** Excerpted data follows **

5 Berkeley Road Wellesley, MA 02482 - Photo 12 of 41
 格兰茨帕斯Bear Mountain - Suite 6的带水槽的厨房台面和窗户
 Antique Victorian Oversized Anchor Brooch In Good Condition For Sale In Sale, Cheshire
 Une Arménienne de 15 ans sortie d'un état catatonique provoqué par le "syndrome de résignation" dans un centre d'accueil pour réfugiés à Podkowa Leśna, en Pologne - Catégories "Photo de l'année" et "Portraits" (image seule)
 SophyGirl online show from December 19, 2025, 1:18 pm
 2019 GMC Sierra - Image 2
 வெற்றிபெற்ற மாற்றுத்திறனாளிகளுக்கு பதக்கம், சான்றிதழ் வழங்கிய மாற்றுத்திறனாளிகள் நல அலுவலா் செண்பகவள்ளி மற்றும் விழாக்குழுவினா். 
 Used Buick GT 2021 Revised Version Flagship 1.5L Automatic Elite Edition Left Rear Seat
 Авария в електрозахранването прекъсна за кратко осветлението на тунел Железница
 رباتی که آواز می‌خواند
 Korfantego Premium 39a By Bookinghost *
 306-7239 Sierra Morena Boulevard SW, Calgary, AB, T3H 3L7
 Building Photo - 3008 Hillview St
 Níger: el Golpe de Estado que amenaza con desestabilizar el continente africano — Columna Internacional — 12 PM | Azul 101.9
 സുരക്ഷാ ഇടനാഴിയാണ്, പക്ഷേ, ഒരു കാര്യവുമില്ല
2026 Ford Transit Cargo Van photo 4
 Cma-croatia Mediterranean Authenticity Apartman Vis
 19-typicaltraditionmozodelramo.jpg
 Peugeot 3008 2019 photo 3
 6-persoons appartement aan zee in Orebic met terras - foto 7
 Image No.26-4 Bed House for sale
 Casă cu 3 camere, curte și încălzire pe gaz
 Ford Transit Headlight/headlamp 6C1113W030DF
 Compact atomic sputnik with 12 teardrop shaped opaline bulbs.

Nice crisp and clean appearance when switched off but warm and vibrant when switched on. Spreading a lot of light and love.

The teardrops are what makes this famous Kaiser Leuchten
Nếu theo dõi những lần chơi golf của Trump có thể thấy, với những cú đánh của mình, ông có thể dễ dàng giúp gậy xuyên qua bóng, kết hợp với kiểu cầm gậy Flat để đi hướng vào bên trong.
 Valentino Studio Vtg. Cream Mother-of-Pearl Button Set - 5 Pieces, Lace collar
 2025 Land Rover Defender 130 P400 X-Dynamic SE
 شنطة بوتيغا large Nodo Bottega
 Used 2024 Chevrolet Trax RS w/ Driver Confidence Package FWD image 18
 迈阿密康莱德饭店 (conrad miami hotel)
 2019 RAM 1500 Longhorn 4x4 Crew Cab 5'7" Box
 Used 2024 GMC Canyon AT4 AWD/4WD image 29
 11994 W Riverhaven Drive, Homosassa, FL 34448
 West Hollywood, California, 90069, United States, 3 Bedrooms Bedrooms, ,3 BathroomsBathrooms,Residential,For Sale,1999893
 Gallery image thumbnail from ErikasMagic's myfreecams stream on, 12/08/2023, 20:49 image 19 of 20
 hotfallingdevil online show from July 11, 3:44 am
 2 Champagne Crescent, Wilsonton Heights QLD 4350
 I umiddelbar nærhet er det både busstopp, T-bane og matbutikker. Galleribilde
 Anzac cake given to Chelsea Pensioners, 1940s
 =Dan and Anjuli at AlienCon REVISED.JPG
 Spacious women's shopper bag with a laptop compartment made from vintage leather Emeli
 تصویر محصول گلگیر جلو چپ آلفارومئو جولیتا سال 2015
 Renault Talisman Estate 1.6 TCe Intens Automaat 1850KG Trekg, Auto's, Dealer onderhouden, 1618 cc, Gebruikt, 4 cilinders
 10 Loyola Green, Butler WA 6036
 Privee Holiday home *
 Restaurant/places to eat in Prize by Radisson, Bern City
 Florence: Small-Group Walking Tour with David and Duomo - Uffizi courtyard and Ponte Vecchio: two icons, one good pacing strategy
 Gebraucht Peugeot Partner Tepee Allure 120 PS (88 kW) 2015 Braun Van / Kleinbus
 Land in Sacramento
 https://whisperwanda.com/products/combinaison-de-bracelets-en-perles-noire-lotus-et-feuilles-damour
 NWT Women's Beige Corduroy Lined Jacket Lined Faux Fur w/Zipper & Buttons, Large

** End of Excerpted data **

Looking at the records above, return exactly the lines from the line with "Une Arménienne de" to the line with "Compact atomic sputnik", both ends included.

 Une Arménienne de 15 ans sortie d'un état catatonique provoqué par le "syndrome de résignation" dans un centre d'accueil pour réfugiés à Podkowa Leśna, en Pologne - Catégories "Photo de l'année" et "Portraits" (image seule)
 SophyGirl online show from December 19, 2025, 1:18 pm
 2019 GMC Sierra - Image 2
 வெற்றிபெற்ற மாற்றுத்திறனாளிகளுக்கு பதக்கம், சான்றிதழ் வழங்கிய மாற்றுத்திறனாளிகள் நல அலுவலா் செண்பகவள்ளி மற்றும் விழாக்குழுவினா். 
 Used Buick GT 2021 Revised Version Flagship 1.5L Automatic Elite Edition Left Rear Seat
 Авария в електрозахранването прекъсна за кратко осветлението на тунел Железница
 رباتی که آواز می‌خواند
 Korfantego Premium 39a By Bookinghost *
 306-7239 Sierra Morena Boulevard SW, Calgary, AB, T3H 3L7
 Building Photo - 3008 Hillview St
 Níger: el Golpe de Estado que amenaza con desestabilizar el continente africano — Columna Internacional — 12 PM | Azul 101.9
 സുരക്ഷാ ഇടനാഴിയാണ്, പക്ഷേ, ഒരു കാര്യവുമില്ല
2026 Ford Transit Cargo Van photo 4
 Cma-croatia Mediterranean Authenticity Apartman Vis
 19-typicaltraditionmozodelramo.jpg
 Peugeot 3008 2019 photo 3
 6-persoons appartement aan zee in Orebic met terras - foto 7
 Image No.26-4 Bed House for sale
 Casă cu 3 camere, curte și încălzire pe gaz
 Ford Transit Headlight/headlamp 6C1113W030DF
 Compact atomic sputnik with 12 teardrop shaped opaline bulbs.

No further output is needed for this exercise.